Se quejan, en las monarquías constitucionales de Europa, de que el destino de los agentes oscuros de la administración depende a menudo de la suerte de los ministros. Esto es mucho peor en los Estados donde el jefe del gobierno es electo. La razón es sencilla: en las monarquías constitucionales los ministros se suceden rápidamente; pero el representante principal del poder ejecutivo no cambia jamás, lo que encierra el espíritu de inovación entre ciertos límites. Los sistemas administrativos varían allí, pues, en los detalles, más bien que en los principios. No podrían sustituirse bruscamente unos por otros sin causar una especie de revolución. En los Estados Unidos, esa revolución se hace cada cuatro años en nombre de la ley.

En cuanto a las miserias individuales, que son la consecuencia natural de semejante legislación, hay que confesar que la falta de fijeza en la suerte de los funcionarios no produce en Norteamérica los males que pódrían esperarse en otra parte. En los Estados Unidos es tan fácil crearse una existencia independiente, que quitar a un funcionario la plaza que ocupa, es a veces quitarle la comodidad de su vida, pero nunca los medios de sostenerla.

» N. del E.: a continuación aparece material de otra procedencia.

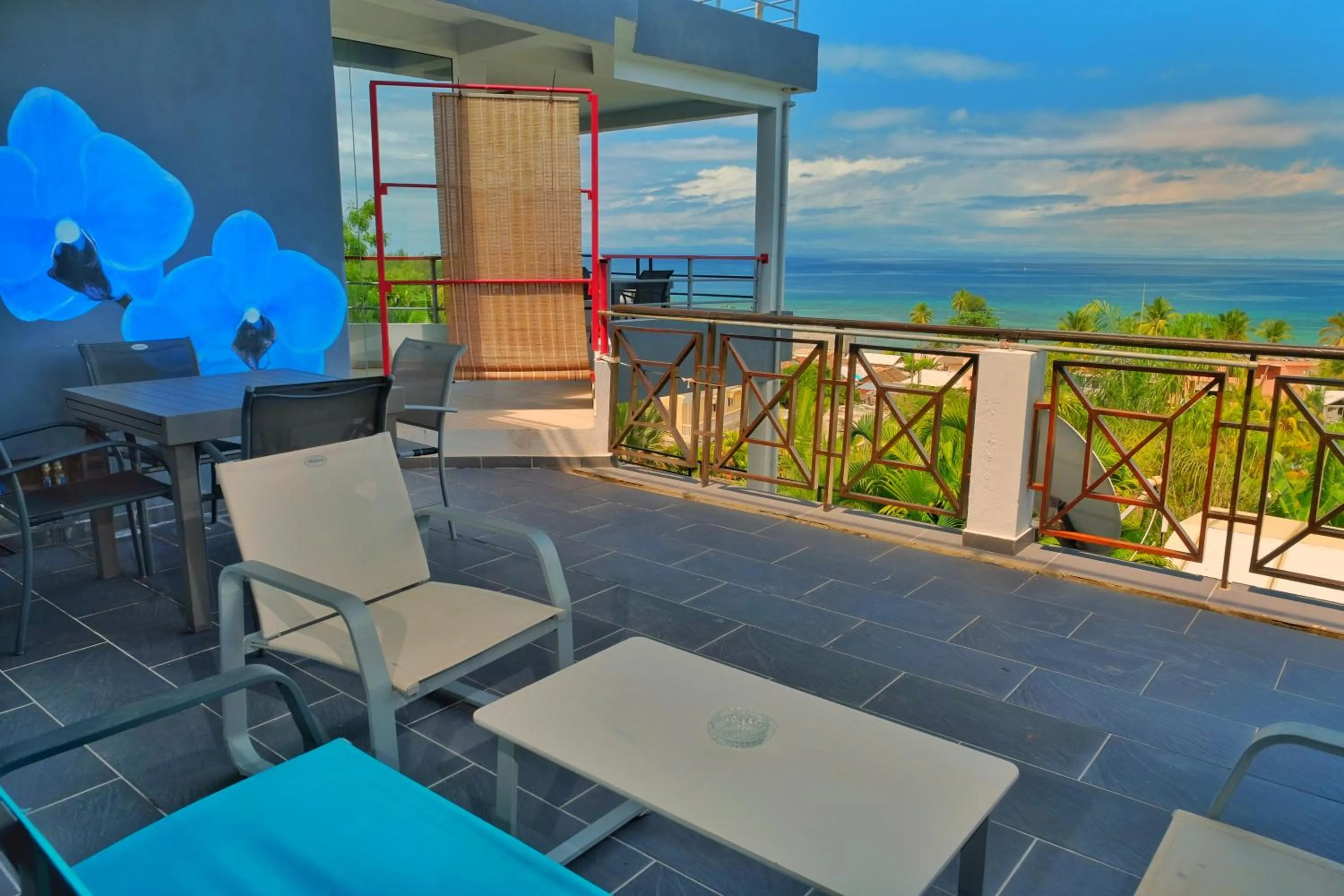 Balcony/Terrace in Hôtel Villa Les Orchidées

He dicho al principio de este capítulo que los peligros del sistema de elección aplicados al jefe del poder ejecutivo eran más o menos grandes, según las circunstancias en que se encuentra el pueblo que elige.

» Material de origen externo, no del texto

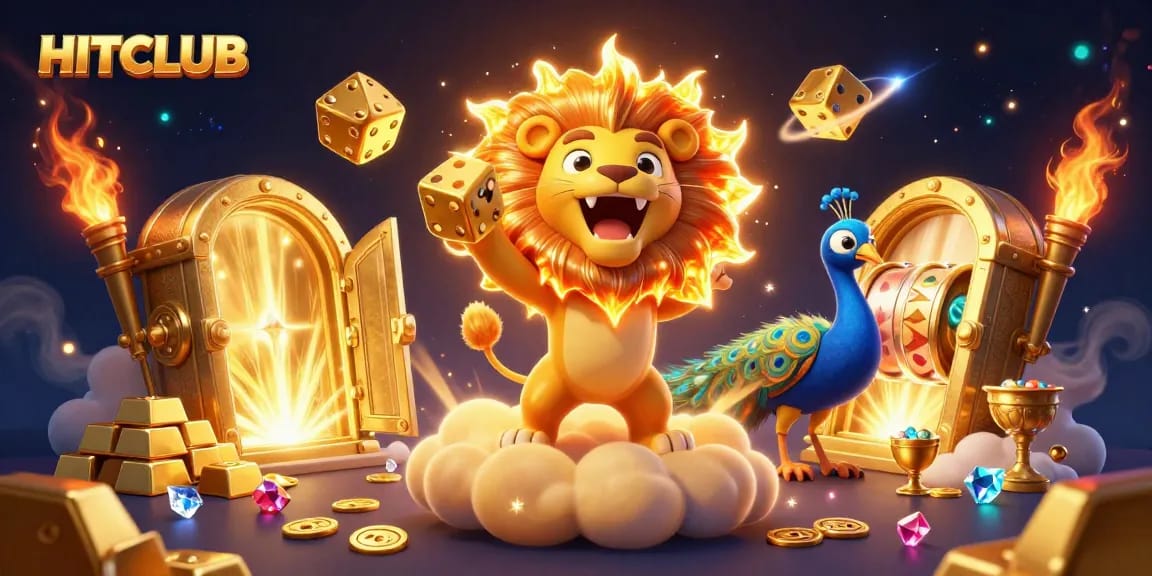 Experience HITCLUB's dynamic games with vibrant characters and rich casino elements.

En vano se esfuerzan por aminorar el papel del poder ejecutivo. Hay una cosa sobre la cual este poder ejerce una gran influencia, cualquiera que sea el lugar que las leyes le hayan concedido: la política exterior. Una negociación de este tipo no puede casi nunca ser emprendida y continuada con fruto sino por un solo hombre.

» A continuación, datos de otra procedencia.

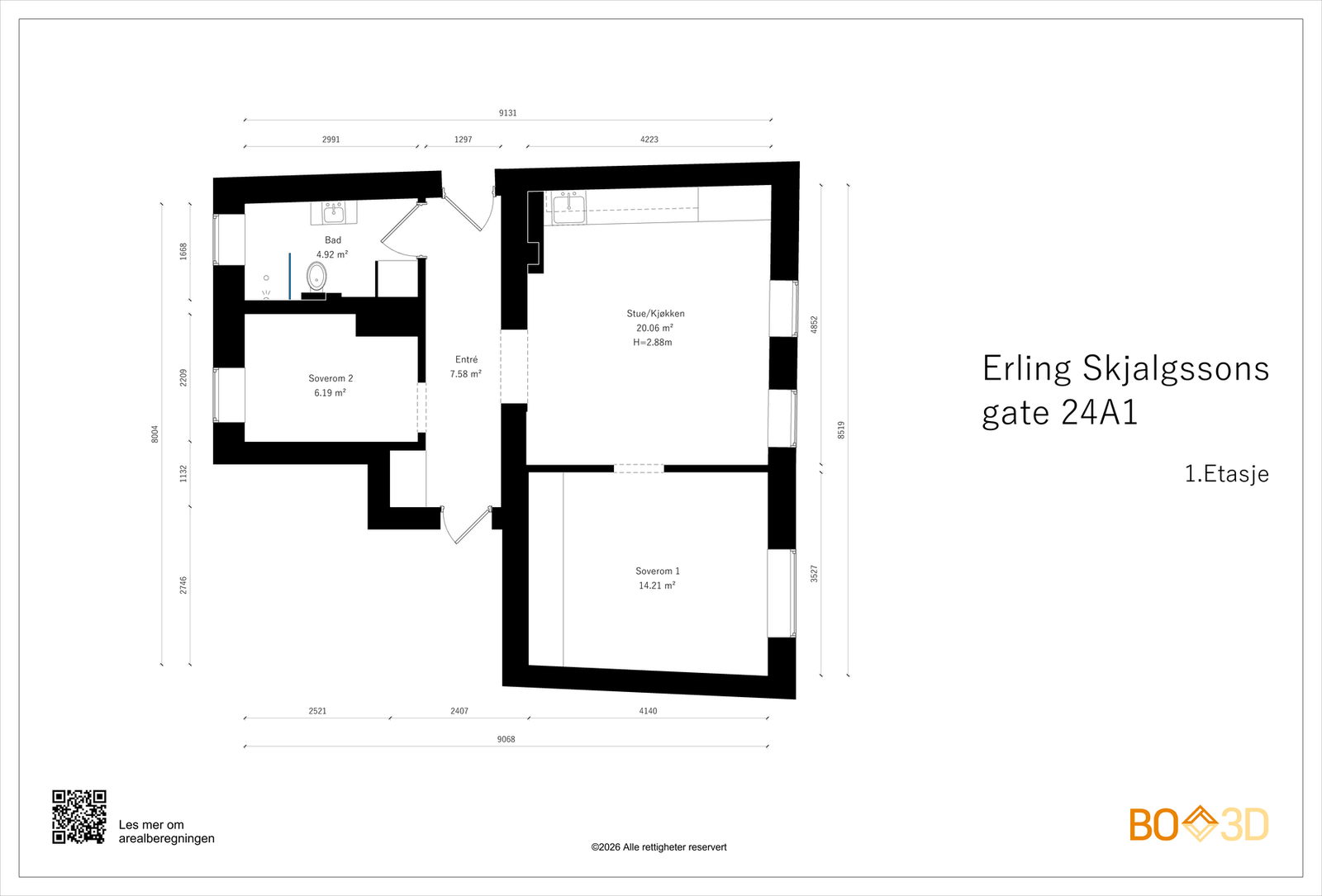 Plantegning. Galleribilde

Cuanto más precaria y peligrosa es la situación de un pueblo, y más se deja sentir la necesidad de continuidad y fijeza en la dirección de los negocios exteriores, más peligrosa se vuelve también la aplicación del sistema de elección del jefe del Estado.

La política de los norteamericanos frente al mundo entero es sencilla; podría casi decirse que nadie tiene necesidad de ellos, y que ellos no tienen necesidad de nadie. Su independencia no está nunca amenazada.

En ellos, el papel del poder ejecutivo es, pues, tan restringido por las circunstancias como por las leyes. El presidente puede frecuentemente cambiar de proyectos sin que el Estado sufra o perezca.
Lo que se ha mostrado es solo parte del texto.